* INSTRUCTIONS FOR THE TASK *
Reproduce the listing exactly, keeping every word as it is.

========================================

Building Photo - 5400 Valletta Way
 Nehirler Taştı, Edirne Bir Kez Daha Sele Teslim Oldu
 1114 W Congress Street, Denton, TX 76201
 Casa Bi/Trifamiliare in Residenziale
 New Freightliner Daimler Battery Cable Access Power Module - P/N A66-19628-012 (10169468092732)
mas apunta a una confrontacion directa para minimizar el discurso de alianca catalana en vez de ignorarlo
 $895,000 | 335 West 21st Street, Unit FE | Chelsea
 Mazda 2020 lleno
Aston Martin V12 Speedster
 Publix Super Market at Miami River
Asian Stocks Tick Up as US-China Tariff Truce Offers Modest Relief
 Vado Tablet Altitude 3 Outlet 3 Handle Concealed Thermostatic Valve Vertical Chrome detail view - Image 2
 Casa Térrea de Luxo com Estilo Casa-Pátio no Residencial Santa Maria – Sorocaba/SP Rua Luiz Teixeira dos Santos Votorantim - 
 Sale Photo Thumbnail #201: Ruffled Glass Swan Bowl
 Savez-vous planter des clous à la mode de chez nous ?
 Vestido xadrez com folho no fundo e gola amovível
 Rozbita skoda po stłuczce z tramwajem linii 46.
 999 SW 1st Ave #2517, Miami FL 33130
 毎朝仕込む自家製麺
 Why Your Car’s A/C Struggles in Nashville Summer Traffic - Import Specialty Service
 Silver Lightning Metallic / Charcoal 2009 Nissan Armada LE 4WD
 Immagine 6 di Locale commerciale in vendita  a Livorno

========================================

* EXERCISE ANSWER *
Building Photo - 5400 Valletta Way
 Nehirler Taştı, Edirne Bir Kez Daha Sele Teslim Oldu
 1114 W Congress Street, Denton, TX 76201
 Casa Bi/Trifamiliare in Residenziale
 New Freightliner Daimler Battery Cable Access Power Module - P/N A66-19628-012 (10169468092732)
mas apunta a una confrontacion directa para minimizar el discurso de alianca catalana en vez de ignorarlo
 $895,000 | 335 West 21st Street, Unit FE | Chelsea
 Mazda 2020 lleno
Aston Martin V12 Speedster
 Publix Super Market at Miami River
Asian Stocks Tick Up as US-China Tariff Truce Offers Modest Relief
 Vado Tablet Altitude 3 Outlet 3 Handle Concealed Thermostatic Valve Vertical Chrome detail view - Image 2
 Casa Térrea de Luxo com Estilo Casa-Pátio no Residencial Santa Maria – Sorocaba/SP Rua Luiz Teixeira dos Santos Votorantim - 
 Sale Photo Thumbnail #201: Ruffled Glass Swan Bowl
 Savez-vous planter des clous à la mode de chez nous ?
 Vestido xadrez com folho no fundo e gola amovível
 Rozbita skoda po stłuczce z tramwajem linii 46.
 999 SW 1st Ave #2517, Miami FL 33130
 毎朝仕込む自家製麺
 Why Your Car’s A/C Struggles in Nashville Summer Traffic - Import Specialty Service
 Silver Lightning Metallic / Charcoal 2009 Nissan Armada LE 4WD
 Immagine 6 di Locale commerciale in vendita  a Livorno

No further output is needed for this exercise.